Category 2: Incorrect Benchmarks

Example: "40% D30 retention is not 'strong' for our B2B SaaS, it's average" Action: Update benchmarks with context (B2C vs B2B vs Enterprise)

Category 3: Confusing Workflow

Example: "I didn't know whether to do cohort analysis before or after Sean Ellis test" Action: Number steps clearly, add workflow diagram

Category 4: Missing Context

Example: "Skill assumes I have 1000+ users, what if I only have 50?" Action: Add "Early Stage Adaptation" section

Category 5: Tool-Specific Issues

Example: "How do I calculate D30 retention in Google Analytics?" Action: Add "Implementation in Common Tools" section

Best Practices

Do:

✅ Look for patterns across multiple feedback sessions ✅ Update skills incrementally (small, tested changes) ✅ Document why changes were made (Learnings section) ✅ Preserve feedback history (archive, don't delete) ✅ Version skills so users know what changed

Don't:

❌ Update based on single piece of feedback (might be outlier) ❌ Make skills overly complex trying to cover every edge case ❌ Remove content without understanding why it was there ❌ Ignore feedback for more than 30 days (patterns emerge) ❌ Update without testing the new version

Automation Ideas

Weekly Digest (optional)

Create a script to summarize new feedback:

bash

#!/bin/bash
# .claude/hooks/learning/weekly-feedback-digest.sh

echo "📊 Feedback Digest (Last 7 Days)"
echo "━━━━━━━━━━━━━━━━━━━━━━━━━━━━━━━━━━━━━━━━"

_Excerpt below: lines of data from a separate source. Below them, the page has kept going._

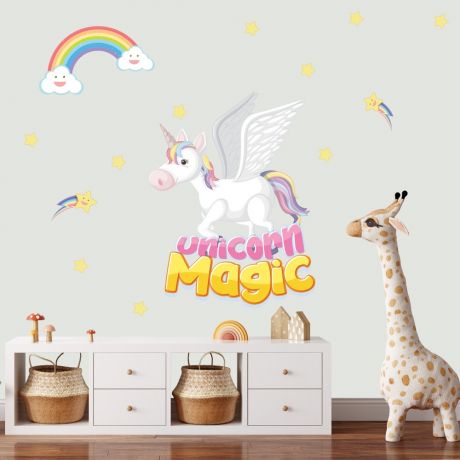 Unicorn magic wall stickers fantasy girls bedroom wall art | Huetion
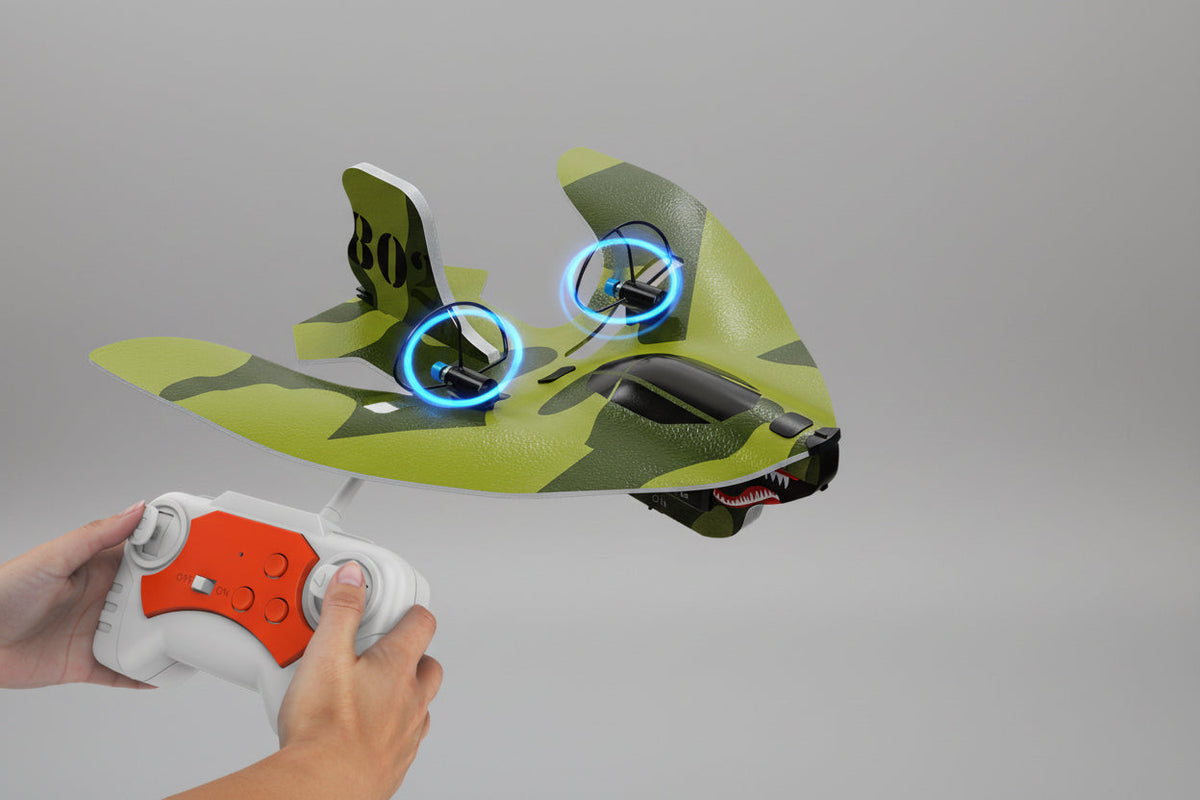 RC Airplane Glider – 2.4GHz Remote Control Plane with LED Lights, Easy to Fly Aircraft Toy for Kids and Outdoor Beginners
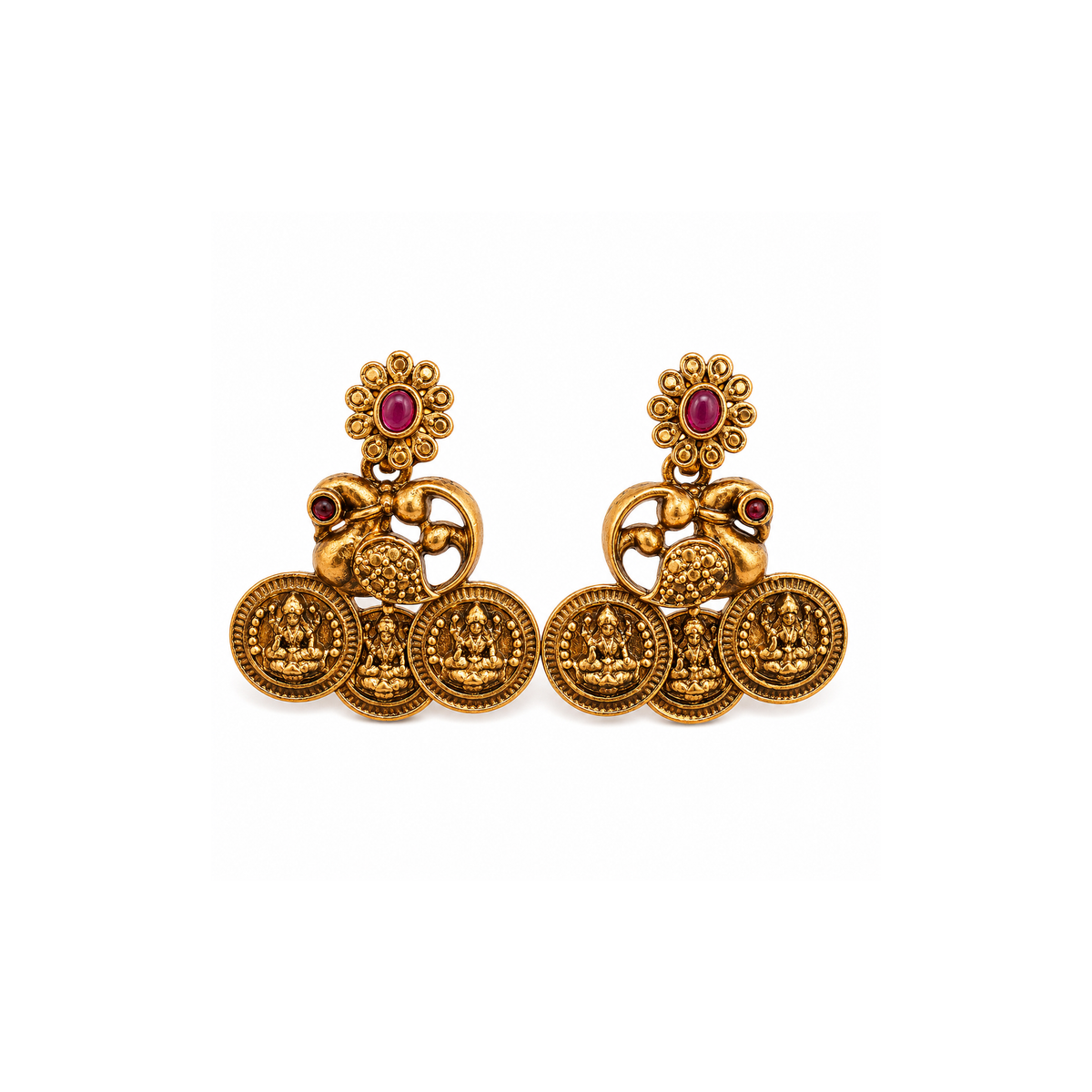 Pair of antique gold-tone peacock earrings with ruby-pink floral studs and three deity-coin drops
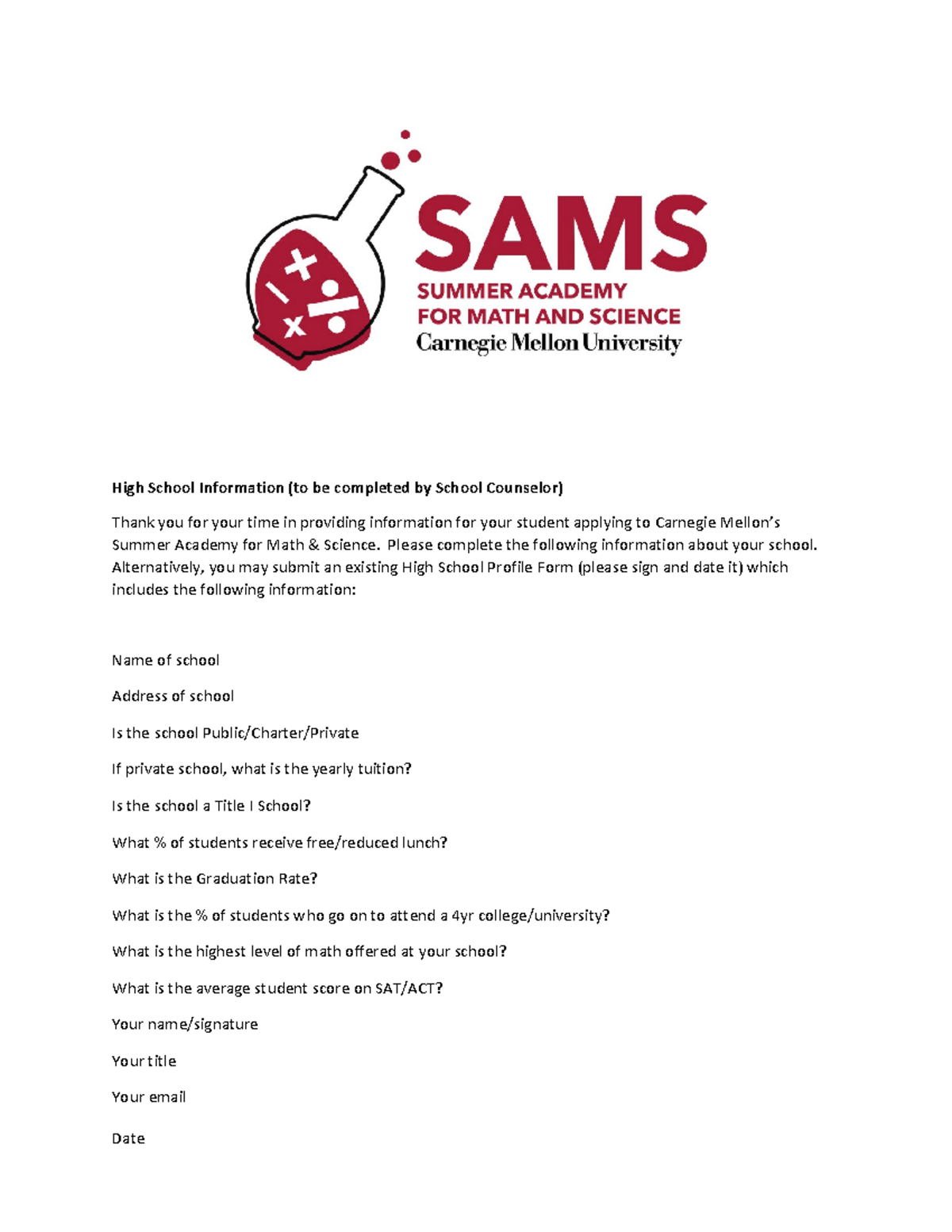 Sams form - .egouhefo;weho; - High School Information (to be completed ...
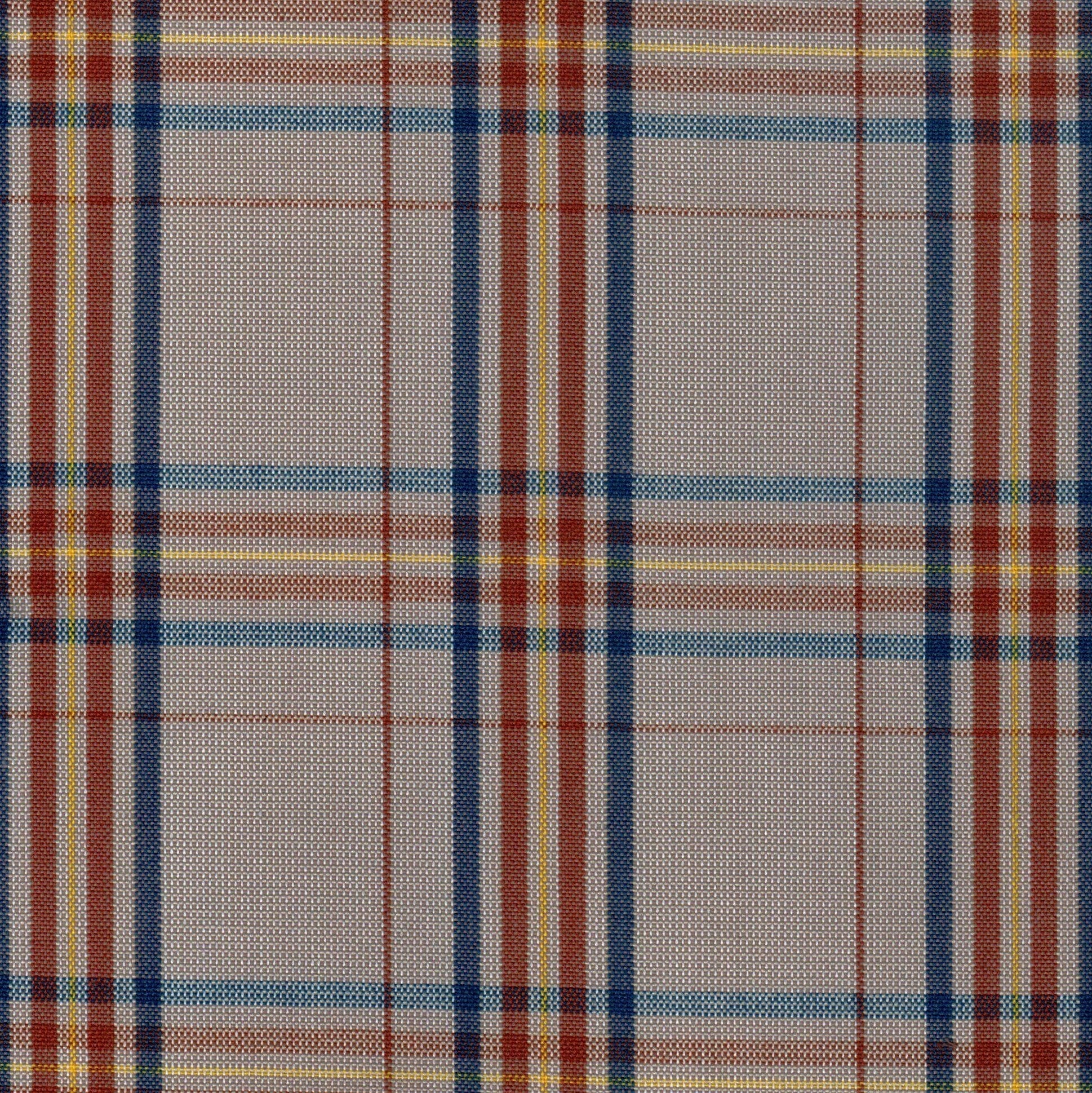 Tela SchoolLine 13002147 Dacron: tela de cuadros tartán beige con rayas rojas, azules y amarillas, ideal para uniformes escolares e institucionales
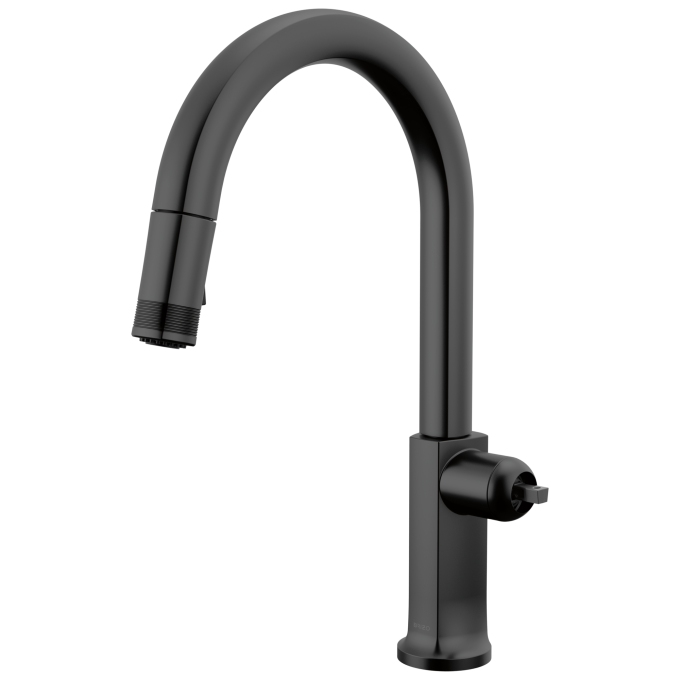 BRIZO Kintsu Pull-Down Faucet with Arc Spout - Less Handle — Matte Black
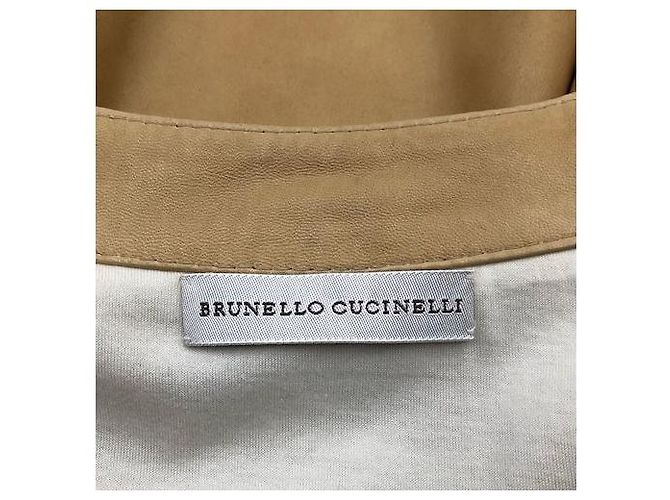 Brunello Cucinelli Lederjacke in Sand - Ansicht 4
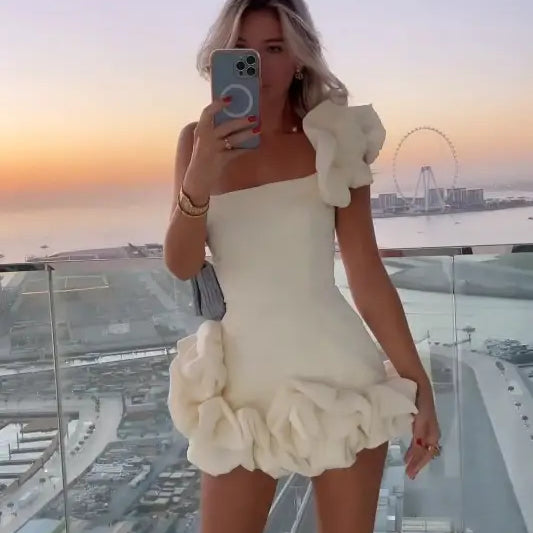 Woman modeling Elegant Asymmetric Ruffled Summer Dress with One Shoulder Sleeve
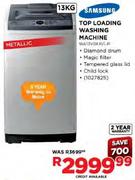 Samsung 13Kg Top Loading Washing Machine-WA13V9XIP/LIP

find .claude/feedback -name "retro-*.md" -mtime -7 | while read -r file; do
    echo ""
    echo "File: $(basename $file)"
    grep "Skills Used" -A 5 "$file"
    grep "Improvements needed:" -A 3 "$file"
done

Auto-Tag for Review

When feedback mentions specific issues, auto-tag:

•"missing step" → tag for immediate review
•"wrong number" → tag for fact-check
•"confusing" → tag for clarity rewrite

Success Metrics

Track improvement over time:

•Feedback frequency: Decreasing = skills getting better
•Repeated issues: Should approach zero over time
•User satisfaction: Track "Did this skill help?" responses
•Skill usage: Updated skills should see increased usage

Meta: This Skill Improves Itself

This skill should follow its own advice:

Learnings from Use:

[To be filled as this skill gets used and improved]

Version History:

•v1.0.0 (2026-01-22): Initial release - framework for skill improvement

Next Steps:

•Review feedback in .claude/feedback/
•Identify patterns and prioritize updates
•Update skill files with improvements
•Document learnings
•Archive processed feedback
•Commit changes with clear message

The more you use this system, the better your skills become. It's a continuous improvement loop.